Stored dataset items:

_ _ _ _ _ _ _

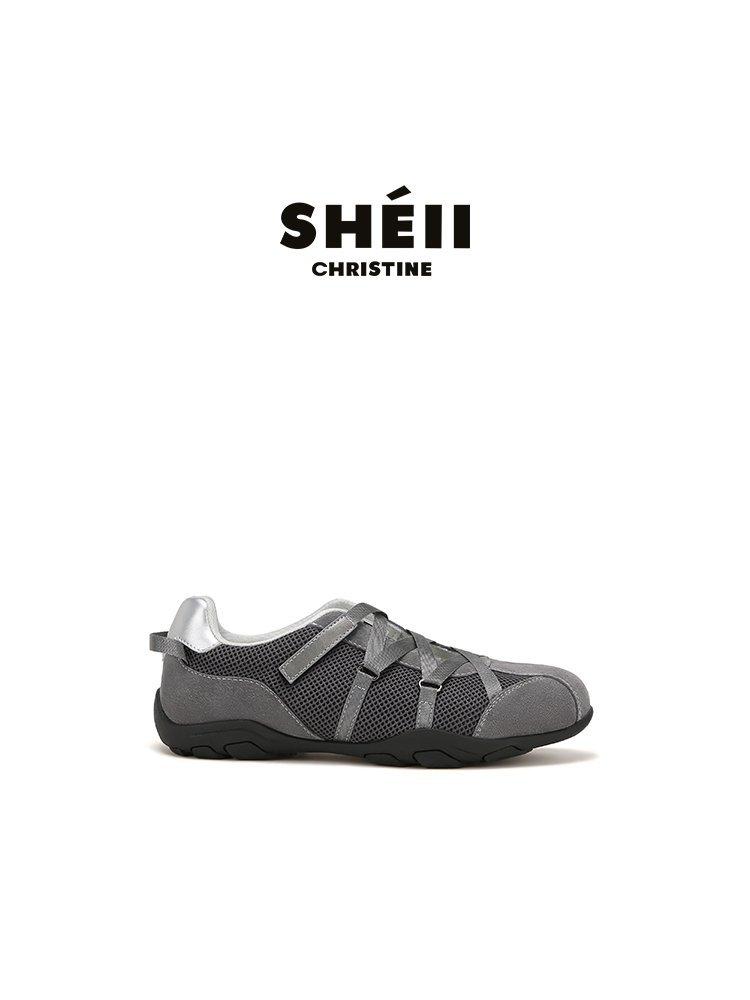 [Real soft leather thick sole] Korean blogger~ Cross-band functional wind ballet Mary Jane casual shoes women's sports shoes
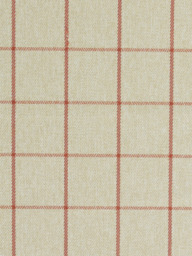 John Lewis Classic Check Made to Measure Curtains or Roman Blind, Auburn - thumbnail 1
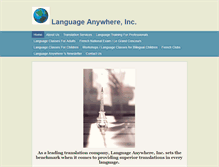 Tablet Screenshot of languageanywhere.com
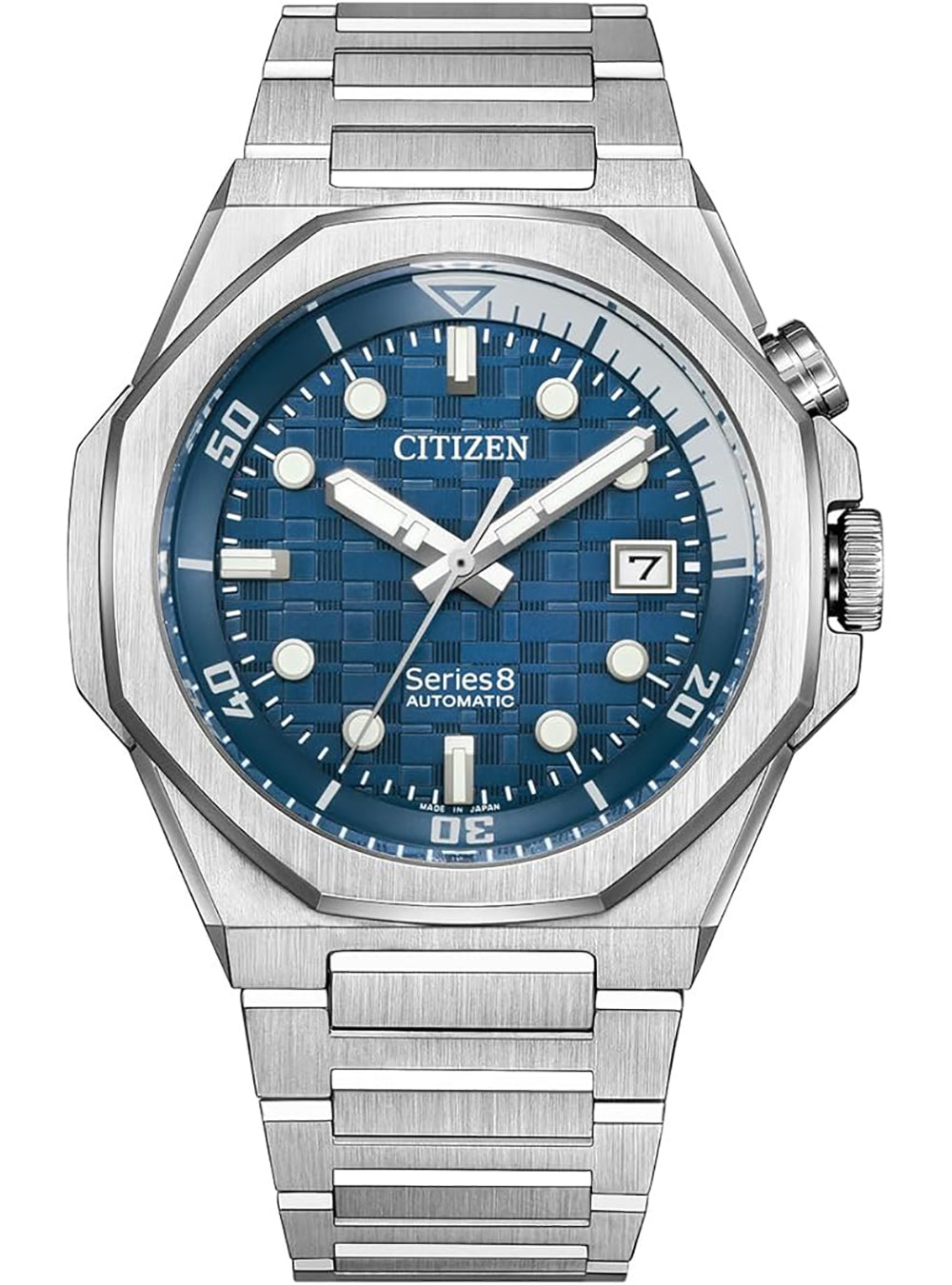 CITIZEN WATCH Series 8 890 Mechanical NB6060-58L Japan Made JDM Exclusive - Premium Automatic Watch for Men, Business & Dress Occasions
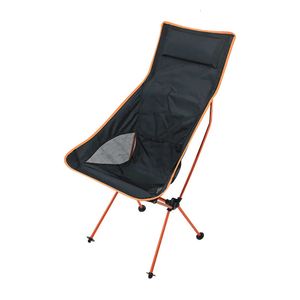 Camp Furniture Portable Fishing Chair Ultralight Folding Sturdy Beach For Nature Hike Picnic Garden BBQ High Back Camping 231120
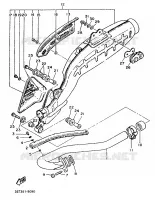 EXHAUST for Yamaha XT 1989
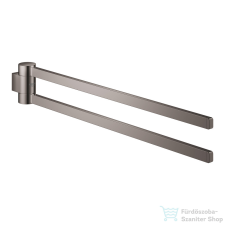 Grohe SELECTION 44 cm-es dupla törölközőtartó,Hard Graphite 41063A00 fürdőszoba kiegészítő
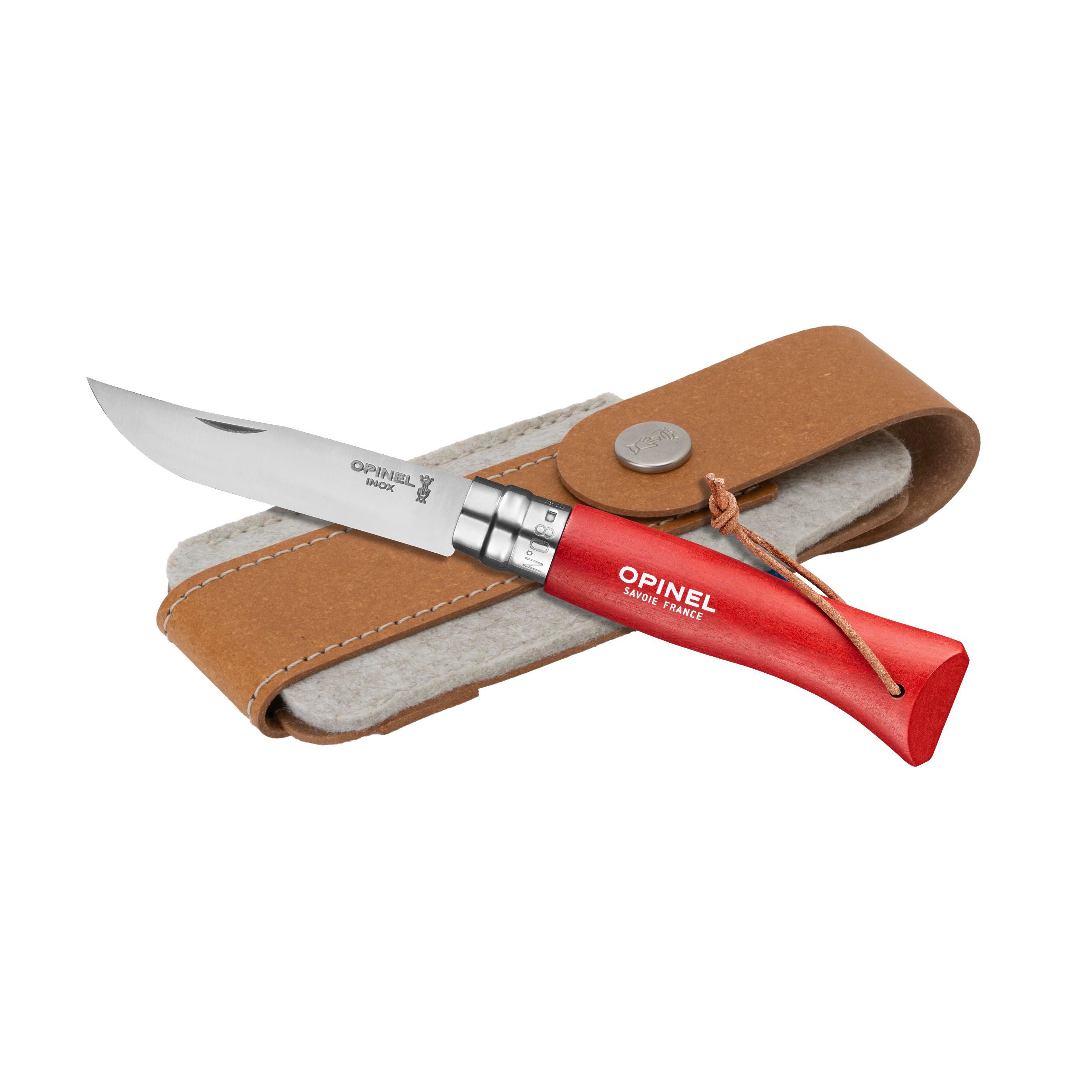 Opinel Colorama No 08 couteau de poche en étui à couteau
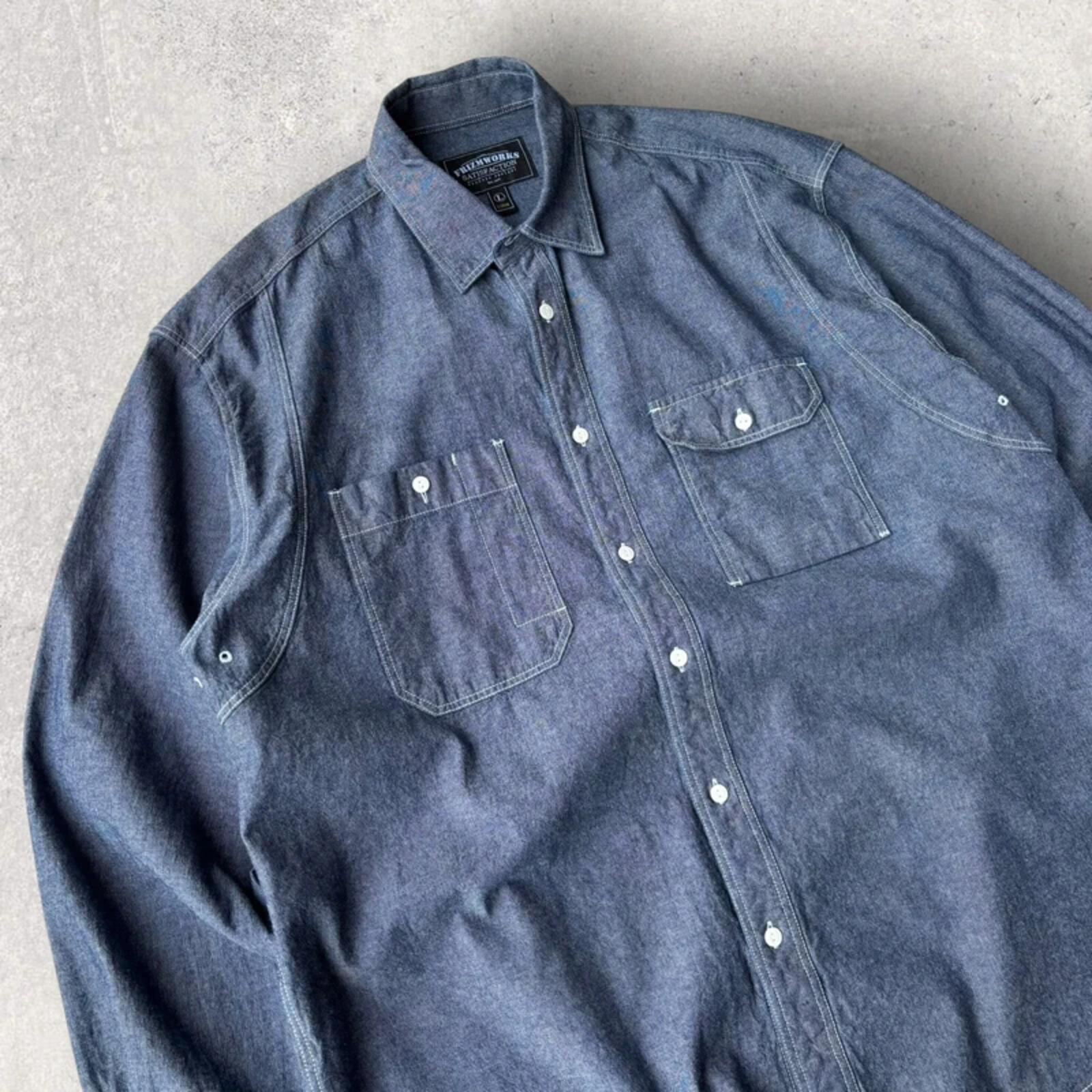 Frizmworks Chambray Works Shirt Light Indigo L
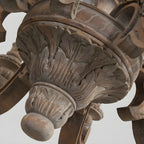 Lustre vintage en bois gris style rustique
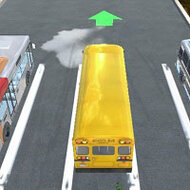 Игра Парковка Желтого Автобуса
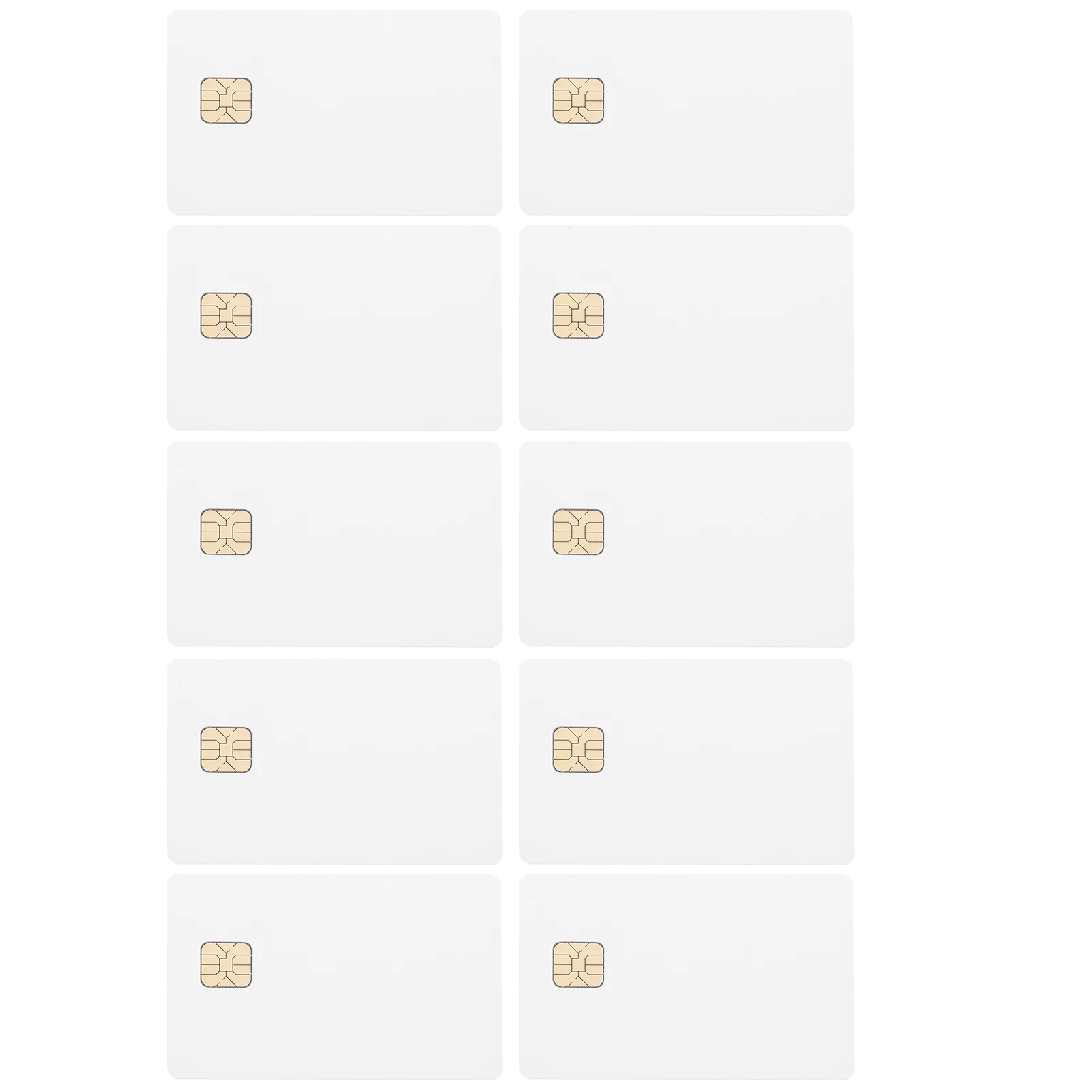 

10pcs White IC Cards 16k Memory for Access Control System PVC Blank Copper Security Warning Instruments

_ _ _ _ _ _ _

▸ What you should do: Take the entries shown above and quote them verbatim, passing over the pictures.

▸ Final answer:
 [Real soft leather thick sole] Korean blogger~ Cross-band functional wind ballet Mary Jane casual shoes women's sports shoes
 John Lewis Classic Check Made to Measure Curtains or Roman Blind, Auburn - thumbnail 1
 Tablet Screenshot of languageanywhere.com
 CITIZEN WATCH Series 8 890 Mechanical NB6060-58L Japan Made JDM Exclusive - Premium Automatic Watch for Men, Business & Dress Occasions
 Camp Furniture Portable Fishing Chair Ultralight Folding Sturdy Beach For Nature Hike Picnic Garden BBQ High Back Camping 231120
 EXHAUST for Yamaha XT 1989
 Grohe SELECTION 44 cm-es dupla törölközőtartó,Hard Graphite 41063A00 fürdőszoba kiegészítő
 Opinel Colorama No 08 couteau de poche en étui à couteau
 Frizmworks Chambray Works Shirt Light Indigo L
 Lustre vintage en bois gris style rustique
 Игра Парковка Желтого Автобуса

10pcs White IC Cards 16k Memory for Access Control System PVC Blank Copper Security Warning Instruments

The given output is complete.